Armed conflict and communal or ethnic violence have continued to cause massive displacement in India. The country is in need of amending its policies in accordance with the United Nations Guiding Principles for protecting internally displaced persons. The reliability of the existing data on IDPs and lack of a national governing body for protecting them are problems that need to be addressed.

Displacement due to armed conflict or ethnic violence is rising immensely worldwide. The recent global report on Internal Displacement Monitoring Centre (IDMC 2016) estimated that an average of 5.2 million people were displaced every year since 2003, that is, 14,000 people forced to flee their homes every day due to armed conflict. Armed conflict and communal or ethnic violence have continued to cause massive displacement in India. Women and children may be particularly vulnerable in complex emergencies in which families are separated and social support systems are destroyed with no proper access to basic services for living.
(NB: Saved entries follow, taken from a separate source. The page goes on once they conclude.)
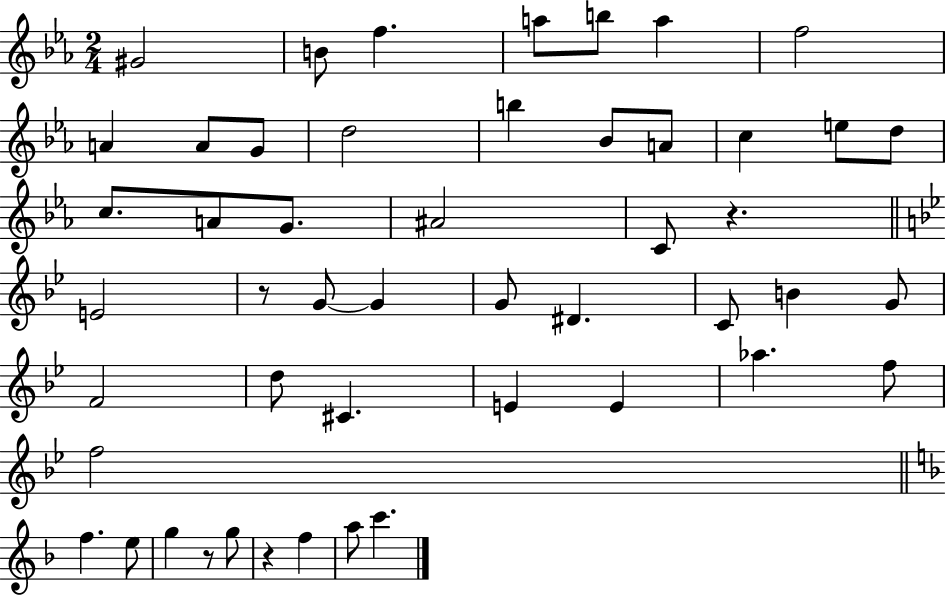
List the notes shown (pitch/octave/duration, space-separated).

G#4/h B4/e F5/q. A5/e B5/e A5/q F5/h A4/q A4/e G4/e D5/h B5/q Bb4/e A4/e C5/q E5/e D5/e C5/e. A4/e G4/e. A#4/h C4/e R/q. E4/h R/e G4/e G4/q G4/e D#4/q. C4/e B4/q G4/e F4/h D5/e C#4/q. E4/q E4/q Ab5/q. F5/e F5/h F5/q. E5/e G5/q R/e G5/e R/q F5/q A5/e C6/q.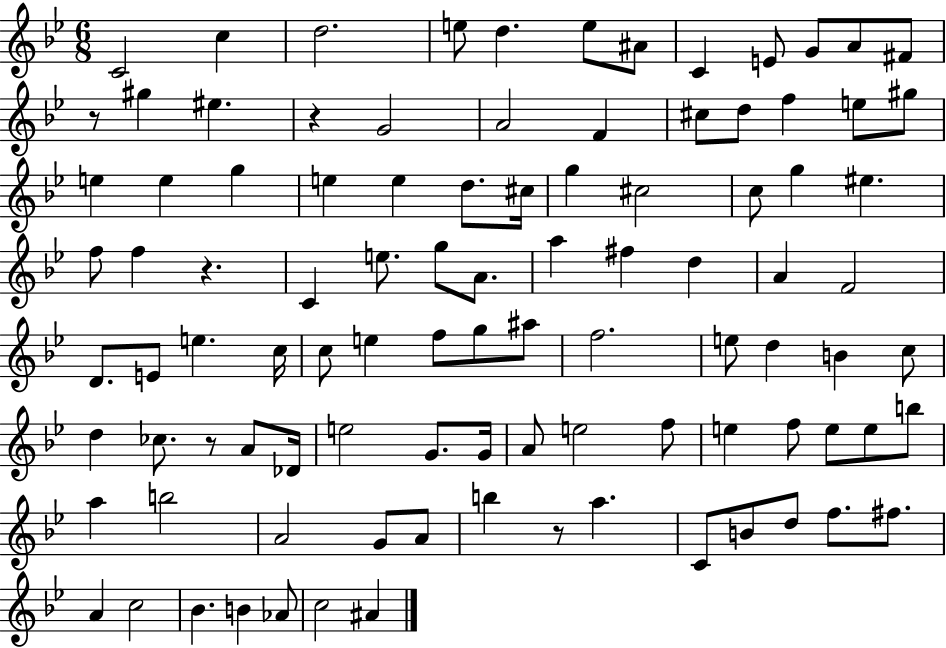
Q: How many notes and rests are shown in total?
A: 98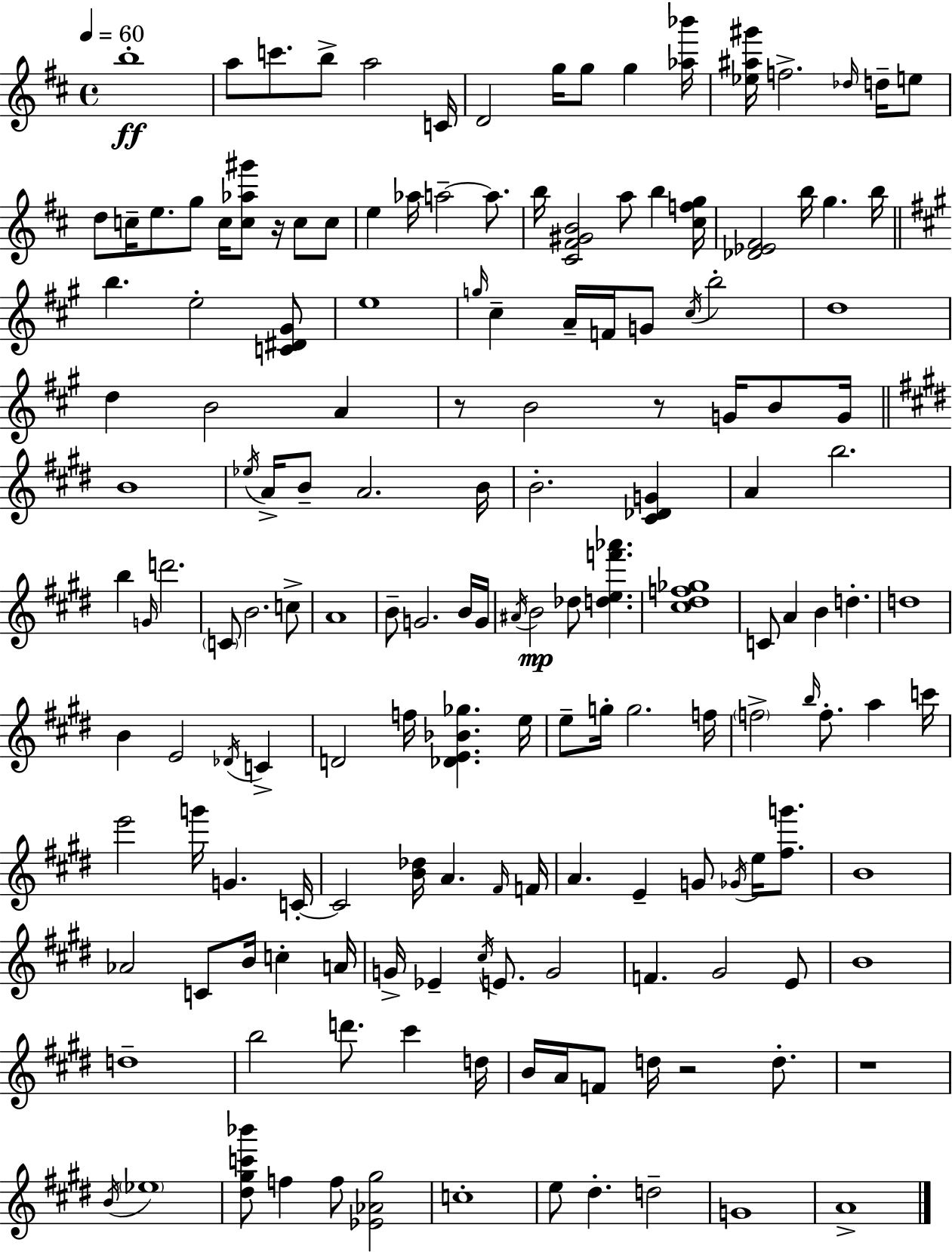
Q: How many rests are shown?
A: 5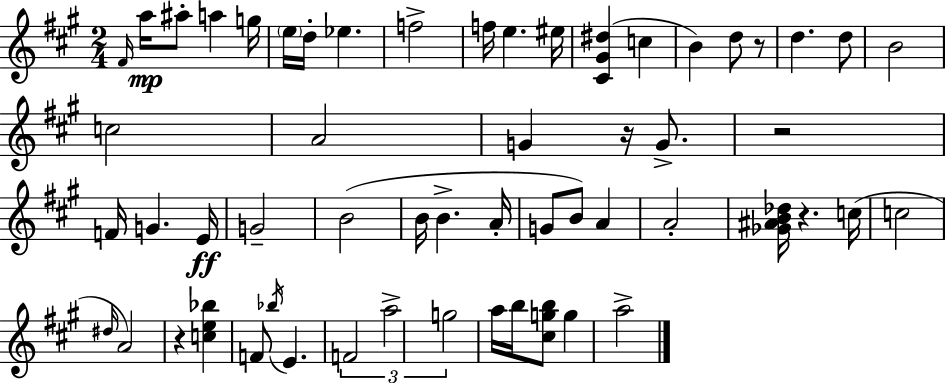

According to a study by the Centre for Social Justice and ActionAid (2013), many internally displaced persons1 (IDPs) still continue to live in protracted displacement and have failed to return to their place of origin or be resettled. There is a challenge in identifying the total number of IDPs due to armed conflict or ­ethnic and communal violence, as there is no central government agency to monitor the number of people displaced every year. The IDMC (2015a), the international body working on the IDPs ­issue, has estimated that by April 2015 around 6,16,140 people in central India (Chhattisgarh, Uttar Pradesh and West Bengal), northeast India (Assam, Mizoram, Tripura and Manipur), Jammu and Kashmir, and Gujarat were displaced due to armed conflict and ethnic or com­munal violence.